Every bill creates winners and losers. Here's who stands to gain and who bears the cost.

Who Benefits

  • Very small public water systems (serving fewer than 3,300 people) — the bill elevates these systems to a top priority for federal digitalization grants and funds technologies that can reduce water loss and improve asset management.
  • Community-owned and community-controlled utilities, including manufactured-home community organizations — explicit prioritization and the allowance for software maintenance lower financial and technical barriers for locally owned systems.
  • Tribes and states acting on behalf of rural entities — they can apply for and manage grants to deliver technical assistance and centralized procurement for multiple small systems.
  • Water technology and engineering vendors — expanded market opportunity for sensors, SCADA, hydraulic modeling tools, analytics platforms, and ongoing software licensing or support contracts.
  • Local workforce and operators — grant-funded training and workforce development will build operator capacity to run modern monitoring and control systems, creating local technical roles.

Who Bears the Cost

  • Environmental Protection Agency — program setup, application evaluation, oversight, and cybersecurity technical assistance will require staffing and administrative resources within EPA.
  • Small utilities post-grant — while the bill funds initial acquisition and maintenance, long-term recurring costs, upgrades, or replacement costs after grant funds are spent may fall to local utilities with constrained rate bases.
  • State and tribal agencies — although the bill allows states and tribes to apply on behalf of entities, administering multi-jurisdictional projects and ensuring compliance with other federal/state laws will require staff time and possible matching or coordination costs.
  • Federal budget/taxpayers — the bill authorizes $250 million total over five fiscal years; appropriations will compete with other priorities.
  • Technology vendors and integrators — to meet program expectations (interoperability, cybersecurity, training), vendors may need to adapt products, provide extended support and accept tighter procurement terms.

Key Issues

The Core Tension

The core dilemma is this: the bill pushes small rural water systems to modernize with sensors, analytics and networked control—actions that can cut water loss, improve planning and lower long‑term costs—but doing so embeds those same resource‑strained systems in complex software, subscription models and cyber risk exposure. Policymakers must choose between accelerating adoption (and accepting vendor dependence and new security burdens) or protecting small systems from technical complexity (and foregoing potential efficiency and resilience gains).
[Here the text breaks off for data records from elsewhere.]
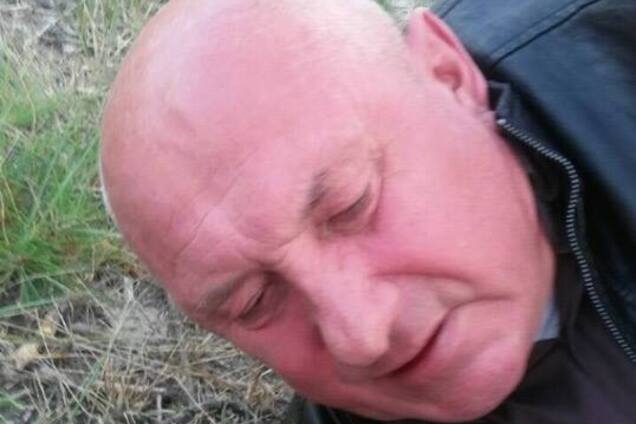 ''Позвони мне, будет интересно'': что известно о маньяке-педофиле с Харьковщины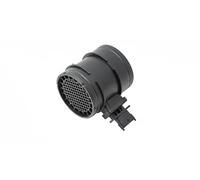 Medidor de flujo de aire 213719769019 MAGNETI MARELLI para SAAB FIAT CITROËN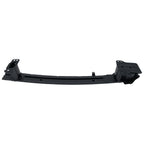 Front Bumper Bar Reinforcement for Toyota RAV4 Adventure (2018) 520210R080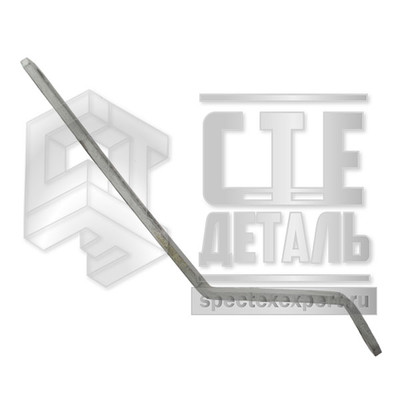 a53ca035220c11eda7e5bc97e1eed341_288581079f4511ee9abcbc97e1eeb951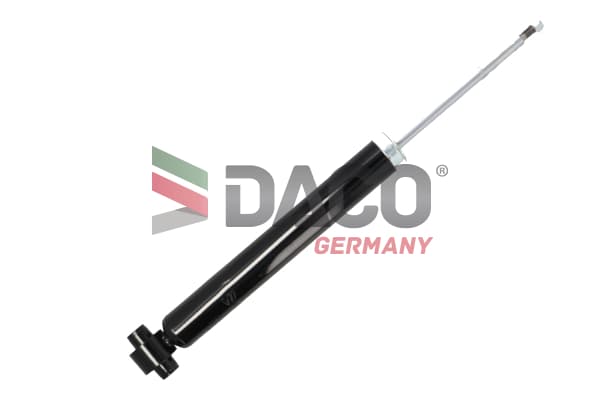 DACO Tlmič pérovania 560308 1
The bill takes a broad approach to ‘‘digital infrastructure technology,’’ which helps include modern tools but leaves open what technical standards, interoperability requirements or procurement rules will apply. That gap increases the risk of vendor lock-in, inconsistent data formats, and systems that don’t interoperate across utilities or with state systems.

Although the statute permits software maintenance costs, it does not set limits on allowable licensing models or require open interfaces, so recipients could end up depending on proprietary vendors for years after federal dollars run out.

Connecting operational technology and industrial control systems to networks creates real cybersecurity exposure. The measure funds on-site cybersecurity training and countermeasures, but it stops short of prescribing minimum security standards, incident response obligations, liability allocation, or ongoing certification for OT assets.

Implementation will require the EPA to reconcile operational modernization with security hardening, and small utilities may lack the staff or procurement experience to evaluate tradeoffs. There is also an internal inconsistency in timing: the bill requires a Comptroller General study not later than five years after enactment while also setting a reporting deadline of December 31, 2030; depending on the enactment date that could compress or predate the study period.

Finally, the prioritization standard "most in need" is discretionary and could produce uneven award distribution unless the Administrator publishes explicit criteria and metrics for need, affordability impacts and expected outcomes.